MAN! It's been a long time since I have been on here. For my own sake, I need to write more. I guess it's like anything else... seasons. One thing that never changes though, is how God loves me so! I sure am glad that He doesn't love me in 'seasons'!
Over the past few months I have been in numerous conversations with various women where the topic is men... Go figure. "When is the Lord going to bring me a husband?", "Is this guy the right one for me?", "Why doesn't God answer my prayers?", "I am tired of being lonely."
ALL legitimate questions and statements that I have echoed with. But, it has been just recently that God keeps reminding me that what I yearn for and seek is right in front of my face. My maker is my husband. If you aren't a believer, that may sound weird to you, but, hear me out.
A good husband, on his best day, still isn't perfect. Yet, we desire and sometimes expect him to be. He should be meeting our emotional, physical, mental needs, right? NO!!!
The problem doesn't lie within him, it lies within us. We are looking to the wrong source for our needs to be met. God is more than able to give us everything we need when we need it.
Check out these 3 different situations that I found myself in...
1. about 3 weeks ago, I tried to cut my finger off with some hedge trimmers. Called a very close male friend of mine (Godly man who would give his right arm to me) and he hooked me up with a hand specialist, a no-wait ER visit, and got my stitches out for free. He even held my hand when the doc gave me the numbing shot.
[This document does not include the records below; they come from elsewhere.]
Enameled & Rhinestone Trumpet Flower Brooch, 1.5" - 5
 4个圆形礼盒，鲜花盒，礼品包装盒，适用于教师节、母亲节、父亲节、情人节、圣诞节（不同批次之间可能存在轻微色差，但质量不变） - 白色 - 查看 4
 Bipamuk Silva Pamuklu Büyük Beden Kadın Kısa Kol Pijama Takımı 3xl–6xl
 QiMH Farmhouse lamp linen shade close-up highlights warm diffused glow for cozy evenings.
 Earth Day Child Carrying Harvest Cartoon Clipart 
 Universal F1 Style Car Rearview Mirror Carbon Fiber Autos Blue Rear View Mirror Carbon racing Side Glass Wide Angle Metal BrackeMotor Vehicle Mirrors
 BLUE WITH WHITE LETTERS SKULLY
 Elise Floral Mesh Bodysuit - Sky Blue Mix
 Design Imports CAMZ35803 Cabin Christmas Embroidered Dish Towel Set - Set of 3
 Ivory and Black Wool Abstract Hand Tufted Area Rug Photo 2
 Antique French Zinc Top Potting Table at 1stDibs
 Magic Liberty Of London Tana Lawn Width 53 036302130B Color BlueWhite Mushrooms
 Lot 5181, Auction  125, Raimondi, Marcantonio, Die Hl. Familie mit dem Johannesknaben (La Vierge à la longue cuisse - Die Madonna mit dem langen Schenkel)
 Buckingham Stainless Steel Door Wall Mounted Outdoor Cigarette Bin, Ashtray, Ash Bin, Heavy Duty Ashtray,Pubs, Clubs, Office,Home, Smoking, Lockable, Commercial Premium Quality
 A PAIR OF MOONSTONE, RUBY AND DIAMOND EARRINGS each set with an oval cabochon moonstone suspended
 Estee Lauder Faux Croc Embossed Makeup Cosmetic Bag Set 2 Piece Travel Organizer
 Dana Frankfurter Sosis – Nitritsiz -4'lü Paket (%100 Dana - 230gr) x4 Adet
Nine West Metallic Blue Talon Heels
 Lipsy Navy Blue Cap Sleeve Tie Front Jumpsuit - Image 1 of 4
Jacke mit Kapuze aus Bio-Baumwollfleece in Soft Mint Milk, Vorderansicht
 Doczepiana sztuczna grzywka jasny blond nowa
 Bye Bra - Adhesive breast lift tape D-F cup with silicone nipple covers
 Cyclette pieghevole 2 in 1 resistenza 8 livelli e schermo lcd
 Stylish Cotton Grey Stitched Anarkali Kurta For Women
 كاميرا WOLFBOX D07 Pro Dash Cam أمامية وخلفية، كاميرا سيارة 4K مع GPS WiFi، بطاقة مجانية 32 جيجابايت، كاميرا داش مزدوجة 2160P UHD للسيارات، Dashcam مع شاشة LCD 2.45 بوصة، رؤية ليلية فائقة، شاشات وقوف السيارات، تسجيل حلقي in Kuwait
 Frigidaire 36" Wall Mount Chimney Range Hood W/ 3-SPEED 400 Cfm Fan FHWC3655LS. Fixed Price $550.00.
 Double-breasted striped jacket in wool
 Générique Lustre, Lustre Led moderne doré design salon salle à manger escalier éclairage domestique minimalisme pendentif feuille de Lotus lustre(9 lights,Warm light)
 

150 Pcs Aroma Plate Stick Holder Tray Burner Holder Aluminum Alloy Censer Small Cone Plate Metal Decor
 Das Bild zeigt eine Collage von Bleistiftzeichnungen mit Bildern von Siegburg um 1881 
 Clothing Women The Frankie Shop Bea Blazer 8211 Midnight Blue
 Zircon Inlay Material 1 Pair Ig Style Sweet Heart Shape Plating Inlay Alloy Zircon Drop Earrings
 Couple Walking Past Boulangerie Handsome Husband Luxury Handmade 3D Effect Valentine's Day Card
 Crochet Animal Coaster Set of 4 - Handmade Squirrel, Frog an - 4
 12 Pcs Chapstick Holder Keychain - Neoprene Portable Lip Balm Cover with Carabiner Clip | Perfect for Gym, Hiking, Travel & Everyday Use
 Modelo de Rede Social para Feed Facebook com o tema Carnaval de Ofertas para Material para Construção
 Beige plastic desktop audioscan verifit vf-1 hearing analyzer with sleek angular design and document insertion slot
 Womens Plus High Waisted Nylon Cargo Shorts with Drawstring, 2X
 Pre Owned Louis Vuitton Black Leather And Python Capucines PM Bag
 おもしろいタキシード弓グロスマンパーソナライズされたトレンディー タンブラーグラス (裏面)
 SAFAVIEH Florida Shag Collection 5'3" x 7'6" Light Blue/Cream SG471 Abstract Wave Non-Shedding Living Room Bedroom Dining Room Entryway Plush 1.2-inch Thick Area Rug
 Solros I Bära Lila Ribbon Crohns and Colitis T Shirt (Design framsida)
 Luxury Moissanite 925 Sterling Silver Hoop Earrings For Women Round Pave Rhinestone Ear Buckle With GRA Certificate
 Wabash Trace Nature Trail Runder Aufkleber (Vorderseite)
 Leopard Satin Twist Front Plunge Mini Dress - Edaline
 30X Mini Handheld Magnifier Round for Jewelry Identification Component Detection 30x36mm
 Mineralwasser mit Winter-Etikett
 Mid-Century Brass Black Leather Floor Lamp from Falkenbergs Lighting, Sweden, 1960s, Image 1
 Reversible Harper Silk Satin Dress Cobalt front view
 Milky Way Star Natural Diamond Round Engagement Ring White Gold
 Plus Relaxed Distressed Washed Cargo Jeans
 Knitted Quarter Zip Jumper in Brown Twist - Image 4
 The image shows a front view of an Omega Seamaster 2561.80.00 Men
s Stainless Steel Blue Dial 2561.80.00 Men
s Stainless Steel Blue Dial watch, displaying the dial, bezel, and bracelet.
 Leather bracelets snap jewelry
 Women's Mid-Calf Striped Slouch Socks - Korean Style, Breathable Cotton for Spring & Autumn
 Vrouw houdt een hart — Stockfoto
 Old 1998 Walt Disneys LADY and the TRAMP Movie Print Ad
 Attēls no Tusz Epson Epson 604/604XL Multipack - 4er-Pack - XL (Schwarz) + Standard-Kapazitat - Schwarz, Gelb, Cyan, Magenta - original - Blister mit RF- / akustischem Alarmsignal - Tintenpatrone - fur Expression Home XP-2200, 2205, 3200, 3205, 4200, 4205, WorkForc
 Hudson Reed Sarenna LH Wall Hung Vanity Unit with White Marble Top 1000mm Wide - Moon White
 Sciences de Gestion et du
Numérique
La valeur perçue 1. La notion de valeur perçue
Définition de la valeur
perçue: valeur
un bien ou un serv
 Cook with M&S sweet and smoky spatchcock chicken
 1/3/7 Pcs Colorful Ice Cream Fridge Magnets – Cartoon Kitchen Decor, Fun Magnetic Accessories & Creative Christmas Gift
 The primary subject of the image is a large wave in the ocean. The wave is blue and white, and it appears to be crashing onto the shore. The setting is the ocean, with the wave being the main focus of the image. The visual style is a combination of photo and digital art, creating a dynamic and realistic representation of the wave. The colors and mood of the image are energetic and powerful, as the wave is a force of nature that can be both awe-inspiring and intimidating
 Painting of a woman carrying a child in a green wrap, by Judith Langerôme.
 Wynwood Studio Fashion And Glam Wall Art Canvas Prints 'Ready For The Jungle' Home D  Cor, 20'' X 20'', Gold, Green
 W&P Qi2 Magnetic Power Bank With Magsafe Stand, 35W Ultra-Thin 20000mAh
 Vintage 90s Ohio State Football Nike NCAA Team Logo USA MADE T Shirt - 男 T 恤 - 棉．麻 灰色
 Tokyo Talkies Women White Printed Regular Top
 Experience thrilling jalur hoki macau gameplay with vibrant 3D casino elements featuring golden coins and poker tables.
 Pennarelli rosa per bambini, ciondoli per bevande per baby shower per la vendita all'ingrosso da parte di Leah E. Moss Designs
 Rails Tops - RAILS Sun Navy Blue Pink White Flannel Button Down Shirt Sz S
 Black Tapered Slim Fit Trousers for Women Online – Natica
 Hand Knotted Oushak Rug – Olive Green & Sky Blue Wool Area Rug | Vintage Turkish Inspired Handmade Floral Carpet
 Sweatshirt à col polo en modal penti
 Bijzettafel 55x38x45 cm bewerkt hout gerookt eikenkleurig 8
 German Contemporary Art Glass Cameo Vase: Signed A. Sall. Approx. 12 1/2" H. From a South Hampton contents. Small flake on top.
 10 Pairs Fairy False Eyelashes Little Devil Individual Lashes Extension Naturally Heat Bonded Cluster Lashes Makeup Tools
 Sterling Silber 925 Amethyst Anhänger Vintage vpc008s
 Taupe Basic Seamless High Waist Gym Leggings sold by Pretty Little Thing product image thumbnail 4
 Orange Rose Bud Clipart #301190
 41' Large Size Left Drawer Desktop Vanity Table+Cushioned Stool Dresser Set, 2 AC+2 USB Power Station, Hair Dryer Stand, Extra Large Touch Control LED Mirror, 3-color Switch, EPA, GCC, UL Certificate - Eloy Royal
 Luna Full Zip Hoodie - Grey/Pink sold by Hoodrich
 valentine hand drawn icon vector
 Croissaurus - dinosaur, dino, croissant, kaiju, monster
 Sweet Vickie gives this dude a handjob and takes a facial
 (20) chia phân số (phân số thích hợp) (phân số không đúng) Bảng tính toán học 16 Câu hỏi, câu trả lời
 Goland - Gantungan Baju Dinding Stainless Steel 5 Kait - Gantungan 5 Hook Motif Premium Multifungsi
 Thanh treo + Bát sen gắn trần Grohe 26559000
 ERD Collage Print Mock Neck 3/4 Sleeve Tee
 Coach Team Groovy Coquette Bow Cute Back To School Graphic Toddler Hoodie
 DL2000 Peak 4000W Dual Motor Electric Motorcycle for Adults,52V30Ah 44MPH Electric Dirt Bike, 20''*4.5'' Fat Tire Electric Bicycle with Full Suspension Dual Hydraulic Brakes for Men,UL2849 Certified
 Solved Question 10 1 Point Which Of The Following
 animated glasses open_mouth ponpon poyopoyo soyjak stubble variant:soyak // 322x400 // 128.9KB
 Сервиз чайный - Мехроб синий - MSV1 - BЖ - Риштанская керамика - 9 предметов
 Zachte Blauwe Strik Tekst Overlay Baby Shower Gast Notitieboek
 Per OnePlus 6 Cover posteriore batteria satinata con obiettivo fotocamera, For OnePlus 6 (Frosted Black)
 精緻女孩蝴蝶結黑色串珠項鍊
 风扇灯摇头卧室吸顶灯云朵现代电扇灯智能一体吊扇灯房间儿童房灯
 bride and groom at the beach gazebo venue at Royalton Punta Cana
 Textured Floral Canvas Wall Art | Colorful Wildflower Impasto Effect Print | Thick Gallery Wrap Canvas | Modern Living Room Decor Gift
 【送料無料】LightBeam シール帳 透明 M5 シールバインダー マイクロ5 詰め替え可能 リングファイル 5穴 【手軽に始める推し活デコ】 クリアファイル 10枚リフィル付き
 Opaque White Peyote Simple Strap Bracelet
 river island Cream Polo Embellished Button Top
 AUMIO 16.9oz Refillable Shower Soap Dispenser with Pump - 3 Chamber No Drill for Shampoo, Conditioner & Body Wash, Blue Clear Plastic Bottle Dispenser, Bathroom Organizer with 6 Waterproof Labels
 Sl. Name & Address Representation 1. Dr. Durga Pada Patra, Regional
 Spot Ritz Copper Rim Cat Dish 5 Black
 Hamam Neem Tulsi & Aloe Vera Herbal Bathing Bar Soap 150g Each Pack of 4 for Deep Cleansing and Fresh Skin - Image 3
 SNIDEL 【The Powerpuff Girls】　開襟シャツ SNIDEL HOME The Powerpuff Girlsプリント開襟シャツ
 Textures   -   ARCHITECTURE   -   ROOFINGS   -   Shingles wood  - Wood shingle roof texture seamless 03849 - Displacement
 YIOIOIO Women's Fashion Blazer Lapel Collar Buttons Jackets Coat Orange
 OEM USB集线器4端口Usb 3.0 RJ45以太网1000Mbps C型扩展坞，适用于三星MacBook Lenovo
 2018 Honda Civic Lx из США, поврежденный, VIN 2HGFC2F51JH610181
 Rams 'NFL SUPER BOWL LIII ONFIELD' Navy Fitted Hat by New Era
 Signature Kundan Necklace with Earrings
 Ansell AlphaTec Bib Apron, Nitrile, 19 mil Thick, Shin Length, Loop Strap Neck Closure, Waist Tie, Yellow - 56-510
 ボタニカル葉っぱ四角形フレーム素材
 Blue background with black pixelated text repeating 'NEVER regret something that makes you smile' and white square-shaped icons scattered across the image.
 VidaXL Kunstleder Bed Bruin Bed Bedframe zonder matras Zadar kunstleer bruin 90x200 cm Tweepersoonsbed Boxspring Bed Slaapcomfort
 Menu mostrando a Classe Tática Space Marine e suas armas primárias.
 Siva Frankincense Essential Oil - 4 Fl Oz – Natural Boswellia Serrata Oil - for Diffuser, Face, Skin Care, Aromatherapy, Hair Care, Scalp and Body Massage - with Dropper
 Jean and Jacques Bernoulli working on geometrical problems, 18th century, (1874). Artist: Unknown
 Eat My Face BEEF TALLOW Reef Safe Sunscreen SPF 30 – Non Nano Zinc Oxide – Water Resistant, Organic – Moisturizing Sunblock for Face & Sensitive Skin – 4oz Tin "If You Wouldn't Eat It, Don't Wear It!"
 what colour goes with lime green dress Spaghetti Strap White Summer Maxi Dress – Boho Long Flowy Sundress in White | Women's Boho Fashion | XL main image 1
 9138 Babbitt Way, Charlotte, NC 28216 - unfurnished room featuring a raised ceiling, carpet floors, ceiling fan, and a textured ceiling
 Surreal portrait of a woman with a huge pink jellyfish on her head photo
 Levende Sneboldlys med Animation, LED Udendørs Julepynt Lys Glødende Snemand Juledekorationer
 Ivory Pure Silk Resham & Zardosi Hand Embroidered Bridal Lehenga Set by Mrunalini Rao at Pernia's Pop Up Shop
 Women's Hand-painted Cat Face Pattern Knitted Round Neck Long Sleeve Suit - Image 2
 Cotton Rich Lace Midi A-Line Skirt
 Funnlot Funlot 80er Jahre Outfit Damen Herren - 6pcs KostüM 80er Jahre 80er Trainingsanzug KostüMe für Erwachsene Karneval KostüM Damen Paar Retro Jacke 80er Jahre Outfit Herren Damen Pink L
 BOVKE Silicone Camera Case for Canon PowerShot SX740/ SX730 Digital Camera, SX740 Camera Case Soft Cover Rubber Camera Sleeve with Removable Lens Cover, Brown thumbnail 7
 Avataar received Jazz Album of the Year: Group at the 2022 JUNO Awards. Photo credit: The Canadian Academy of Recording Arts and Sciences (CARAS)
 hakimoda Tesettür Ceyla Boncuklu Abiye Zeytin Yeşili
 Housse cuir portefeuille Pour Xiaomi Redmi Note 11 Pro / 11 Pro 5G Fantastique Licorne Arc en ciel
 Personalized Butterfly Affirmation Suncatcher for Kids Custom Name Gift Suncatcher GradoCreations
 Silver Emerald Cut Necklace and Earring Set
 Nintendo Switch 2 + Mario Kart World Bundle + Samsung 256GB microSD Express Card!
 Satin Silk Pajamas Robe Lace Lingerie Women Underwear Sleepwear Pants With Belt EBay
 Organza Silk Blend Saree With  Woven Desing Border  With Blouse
2. I was out on my (awesome ) scooter, and I ran out of gas. No joke, I didn't wait 2 minutes and 3 different men stopped to help me. (once again, all Godly men), two went to get me gas, and one stayed with me and allowed me to stay in his car due to the heat! I was gassed up and ready to ride within 20 minutes!
3. Was out on my road bike and blew a tire. Had no phone, and was 4 miles out from my car. I only had 15 minutes to get back in time to pick up Taytum... AHHHHH! (i know, never go without my phone) Anyway, a nice gentleman (complete stranger) took me back to my car.
All of these things are things that my 'husband' should have helped me do, but, since I don't have an earthly husband anymore, I have learned to rely on my one true love. The one who told me that He would never leave or forsake me. The one who says I'm more precious than silver or gold, the one who adores me. The one who truly wipes away all my tears and who will NEVER abandon me or chose someone else over me.
How sweet is He? It's nice to be loved. Whether you are married or not, I pray that you allow God to romance you this week!